The Pennsylvania State Building & Construction Trades Council is made up of 16 Regional Council and more than 115 local unions from 15 International Building Trades Unions.

Safety Training

The Pennsylvania State Building & Construction Trades Council and its affiliated members support and provide training to their members in order to provide the best and safest trained workforce.

Safety training helps the worker identify possible hazards and prevent on-the-job accidents. By providing the best safety training, Contractors and Unions strive to insure that workers are able to earn a living and return home each day uninjured.

Many of the Building Trades Local Unions have adopted and incorporated the OSHA 10 hour Safety Training Course or the Building and Construction Trades Departments “Smart Mark Safety Training” modeled after the OSHA 10 hour training into their Collective Bargaining Agreements and Apprenticeship Training Programs. A workforce that has been provided the proper safety training focuses on the prevention of accidents. Safety training also helps the contractors keep their Experience Modification Rates (EMR) low, thus enabling them to competitively bid on projects that would otherwise keep them off a bid list, plus reducing their workers compensation premiums.

Building Trades Apprenticeship

One of the top priorities identified in Pennsylvania and around the entire country is the growing demand of highly trained and skilled workers in the construction trades.

In order to promote training and recruitment into registered apprenticeship programs to meet these demands, the Pennsylvania State Building & Construction Trades Council promotes the use of Pre-Apprentice Training Programs, developed by the Building & Construction Trades Department Joint Apprenticeship Training Committee, in public and private schools. This will give many students the preparation they need to enter into the apprenticeship programs in the construction trades and help lower the high numbers of students that choose to drop out of school. Due to the increased cost of a college education, many students that graduate high school never plan on attending college.

Apprenticeship training is the best way to provide a highly skilled and trained workforce in the construction industry. Apprentices that participate in a program registered with the United States Department of Labor are provided training in two ways.
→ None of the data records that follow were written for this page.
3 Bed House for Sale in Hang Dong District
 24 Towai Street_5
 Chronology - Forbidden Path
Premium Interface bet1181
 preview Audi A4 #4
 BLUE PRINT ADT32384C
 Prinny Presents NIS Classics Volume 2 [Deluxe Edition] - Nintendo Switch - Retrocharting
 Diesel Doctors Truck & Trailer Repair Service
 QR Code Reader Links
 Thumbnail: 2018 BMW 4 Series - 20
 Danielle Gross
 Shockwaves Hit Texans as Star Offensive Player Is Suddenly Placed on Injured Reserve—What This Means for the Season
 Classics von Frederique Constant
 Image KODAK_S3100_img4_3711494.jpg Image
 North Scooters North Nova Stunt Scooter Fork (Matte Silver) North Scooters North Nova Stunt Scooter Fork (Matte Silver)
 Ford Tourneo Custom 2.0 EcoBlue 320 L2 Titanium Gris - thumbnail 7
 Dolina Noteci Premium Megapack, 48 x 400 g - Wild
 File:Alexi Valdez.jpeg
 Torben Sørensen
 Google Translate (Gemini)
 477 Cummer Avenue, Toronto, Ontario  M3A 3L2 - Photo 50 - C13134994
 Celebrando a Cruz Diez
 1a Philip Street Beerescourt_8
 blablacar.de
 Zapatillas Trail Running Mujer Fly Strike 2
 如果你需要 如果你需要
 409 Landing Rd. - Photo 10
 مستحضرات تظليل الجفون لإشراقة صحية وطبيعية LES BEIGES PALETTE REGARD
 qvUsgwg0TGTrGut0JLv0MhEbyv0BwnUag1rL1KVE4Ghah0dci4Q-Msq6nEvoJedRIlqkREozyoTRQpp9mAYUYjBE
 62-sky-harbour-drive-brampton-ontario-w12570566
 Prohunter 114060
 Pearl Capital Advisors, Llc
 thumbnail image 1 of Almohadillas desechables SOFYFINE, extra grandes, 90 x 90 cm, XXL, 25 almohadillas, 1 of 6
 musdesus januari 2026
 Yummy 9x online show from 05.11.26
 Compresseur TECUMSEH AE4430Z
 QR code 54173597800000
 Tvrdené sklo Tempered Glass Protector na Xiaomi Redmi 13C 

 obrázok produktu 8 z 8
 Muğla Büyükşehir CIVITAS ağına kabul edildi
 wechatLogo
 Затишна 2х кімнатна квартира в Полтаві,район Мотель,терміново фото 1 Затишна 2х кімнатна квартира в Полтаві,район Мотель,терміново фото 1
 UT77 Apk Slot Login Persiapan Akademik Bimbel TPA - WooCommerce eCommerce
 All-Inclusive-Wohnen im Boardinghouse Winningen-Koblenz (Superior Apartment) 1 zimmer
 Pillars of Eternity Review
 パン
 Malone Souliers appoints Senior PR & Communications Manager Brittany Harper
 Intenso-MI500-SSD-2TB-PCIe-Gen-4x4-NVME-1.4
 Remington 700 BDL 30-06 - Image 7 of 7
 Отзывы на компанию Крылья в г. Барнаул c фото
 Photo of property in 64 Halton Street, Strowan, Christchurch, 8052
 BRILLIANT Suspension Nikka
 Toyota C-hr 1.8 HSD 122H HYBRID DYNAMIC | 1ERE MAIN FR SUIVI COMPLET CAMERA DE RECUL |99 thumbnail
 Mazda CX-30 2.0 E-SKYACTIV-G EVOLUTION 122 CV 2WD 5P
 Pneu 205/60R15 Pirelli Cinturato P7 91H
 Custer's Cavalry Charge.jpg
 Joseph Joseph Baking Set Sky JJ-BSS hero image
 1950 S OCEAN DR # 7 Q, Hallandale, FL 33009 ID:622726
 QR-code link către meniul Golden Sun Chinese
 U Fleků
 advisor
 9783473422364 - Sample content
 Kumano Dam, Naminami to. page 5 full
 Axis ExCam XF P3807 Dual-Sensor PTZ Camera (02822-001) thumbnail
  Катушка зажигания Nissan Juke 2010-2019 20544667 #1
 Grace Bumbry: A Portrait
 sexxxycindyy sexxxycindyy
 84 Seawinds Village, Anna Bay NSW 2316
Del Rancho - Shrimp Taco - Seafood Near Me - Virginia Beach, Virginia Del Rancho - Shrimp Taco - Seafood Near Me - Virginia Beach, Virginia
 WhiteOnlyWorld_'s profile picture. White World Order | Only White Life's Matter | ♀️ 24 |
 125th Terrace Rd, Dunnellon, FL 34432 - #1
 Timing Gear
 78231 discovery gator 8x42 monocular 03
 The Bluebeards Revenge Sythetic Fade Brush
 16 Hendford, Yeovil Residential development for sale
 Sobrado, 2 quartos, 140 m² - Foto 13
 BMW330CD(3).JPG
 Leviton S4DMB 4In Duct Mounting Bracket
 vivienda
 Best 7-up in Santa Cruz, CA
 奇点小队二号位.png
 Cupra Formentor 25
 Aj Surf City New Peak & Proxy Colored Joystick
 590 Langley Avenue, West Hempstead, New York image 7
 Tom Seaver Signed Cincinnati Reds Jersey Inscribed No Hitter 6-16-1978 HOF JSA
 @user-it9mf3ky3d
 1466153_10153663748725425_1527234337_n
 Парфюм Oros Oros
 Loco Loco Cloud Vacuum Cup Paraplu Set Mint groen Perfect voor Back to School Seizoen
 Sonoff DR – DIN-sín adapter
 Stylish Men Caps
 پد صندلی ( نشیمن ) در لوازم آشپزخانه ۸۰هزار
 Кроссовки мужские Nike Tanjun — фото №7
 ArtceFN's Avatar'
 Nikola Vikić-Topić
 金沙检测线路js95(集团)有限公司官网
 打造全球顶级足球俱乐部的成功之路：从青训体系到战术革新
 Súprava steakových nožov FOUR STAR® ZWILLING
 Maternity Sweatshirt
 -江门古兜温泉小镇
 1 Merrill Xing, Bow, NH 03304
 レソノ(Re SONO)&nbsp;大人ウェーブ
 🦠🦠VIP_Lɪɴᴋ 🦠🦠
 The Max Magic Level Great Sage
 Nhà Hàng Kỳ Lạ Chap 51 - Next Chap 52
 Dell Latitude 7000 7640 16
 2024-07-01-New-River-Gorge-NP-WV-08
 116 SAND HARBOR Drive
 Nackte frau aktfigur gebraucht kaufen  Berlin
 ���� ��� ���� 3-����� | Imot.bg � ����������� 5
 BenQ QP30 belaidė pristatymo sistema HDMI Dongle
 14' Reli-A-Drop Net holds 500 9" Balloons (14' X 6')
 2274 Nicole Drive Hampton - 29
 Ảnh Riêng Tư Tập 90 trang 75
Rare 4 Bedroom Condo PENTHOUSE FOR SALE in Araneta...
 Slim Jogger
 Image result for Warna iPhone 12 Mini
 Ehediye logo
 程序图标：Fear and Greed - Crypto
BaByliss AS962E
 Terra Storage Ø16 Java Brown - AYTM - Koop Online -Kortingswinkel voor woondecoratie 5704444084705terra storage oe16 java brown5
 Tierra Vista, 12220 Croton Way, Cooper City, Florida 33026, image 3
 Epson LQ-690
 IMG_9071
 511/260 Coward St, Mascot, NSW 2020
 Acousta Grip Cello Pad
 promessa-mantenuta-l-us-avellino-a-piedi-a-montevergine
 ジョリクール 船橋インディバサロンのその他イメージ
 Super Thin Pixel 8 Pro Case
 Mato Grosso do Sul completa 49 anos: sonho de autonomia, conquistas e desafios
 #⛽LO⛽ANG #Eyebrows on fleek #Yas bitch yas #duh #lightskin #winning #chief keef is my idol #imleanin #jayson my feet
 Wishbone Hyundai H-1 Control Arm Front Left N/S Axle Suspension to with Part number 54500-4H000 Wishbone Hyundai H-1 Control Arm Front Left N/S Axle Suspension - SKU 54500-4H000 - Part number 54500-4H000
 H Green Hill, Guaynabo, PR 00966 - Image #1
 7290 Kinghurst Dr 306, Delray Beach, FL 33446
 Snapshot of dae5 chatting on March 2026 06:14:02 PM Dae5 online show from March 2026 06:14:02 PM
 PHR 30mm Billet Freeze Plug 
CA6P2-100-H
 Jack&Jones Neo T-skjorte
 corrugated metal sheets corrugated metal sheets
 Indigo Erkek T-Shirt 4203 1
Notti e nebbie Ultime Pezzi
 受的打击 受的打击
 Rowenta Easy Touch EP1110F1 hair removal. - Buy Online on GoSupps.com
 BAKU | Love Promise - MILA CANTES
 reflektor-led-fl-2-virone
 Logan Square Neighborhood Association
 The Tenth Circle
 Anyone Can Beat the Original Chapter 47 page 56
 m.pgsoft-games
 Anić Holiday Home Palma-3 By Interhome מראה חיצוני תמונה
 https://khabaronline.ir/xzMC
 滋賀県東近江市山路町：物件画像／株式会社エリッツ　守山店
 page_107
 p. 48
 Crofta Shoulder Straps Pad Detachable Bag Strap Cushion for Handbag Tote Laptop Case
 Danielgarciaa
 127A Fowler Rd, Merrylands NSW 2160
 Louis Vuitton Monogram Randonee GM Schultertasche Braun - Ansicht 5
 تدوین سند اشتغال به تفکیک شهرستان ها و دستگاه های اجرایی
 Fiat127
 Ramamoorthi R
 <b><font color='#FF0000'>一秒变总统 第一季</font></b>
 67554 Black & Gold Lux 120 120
They get to work on a job for a participating contractor in order to receive credit for on-the-job training hours and they attend training classes related to the trade they have chosen. Most apprenticeship training programs are four (4) or five (5) years and as the apprentice progresses their pay increases. The training costs are provided by the apprenticeship program that is jointly managed by Labor and Management.

Prevailing Wage

The Pennsylvania State Prevailing Wage law requires that all workers on state funded construction projects that exceed $25,000 be paid the State Prevailing Wage.  The Federal Government requires the payment of Prevailing Wages for all Construction Contracts that have federal funding that exceeds $2,000, which includes federal, state and local public works projects. The Federal Davis/Bacon Act was signed into law by President Hebert Hoover in 1931 and amended in 1935 with wage conditions and amended again in 1964 to include the consideration of fringe benefits.

Organizing

What is Organizing?

Organizing takes place when union “organizers” educate unrepresented workers to encourage them to join a union. The education phase can touch on workplace rights, wages, benefits and various other benefits of being a union member. A union organizer may visit unrepresented workers at their home or any other location outside the workplace to talk about the problems they face at work. The goal of a union organizer is to obtain a union contract between the employer and employee which ultimately provides for better working conditions.

Why Join a Union?

There may be no better reason to join a union other than the fact that union members’ wages are 28% higher than non-union workers’ wages. It is not uncommon for non-union workers to earn $8 an hour, have no health insurance, and no pension. Public assistance programs funded by taxpayers make up for what employers should be paying, but are instead pocketing. Of course, corporations and private businesses have the fundamental right to make a profit….it is part of the American Dream. But some CEOs can earn 500 times the wages paid to their workers, and this greed is contributing to the demise of the middle class.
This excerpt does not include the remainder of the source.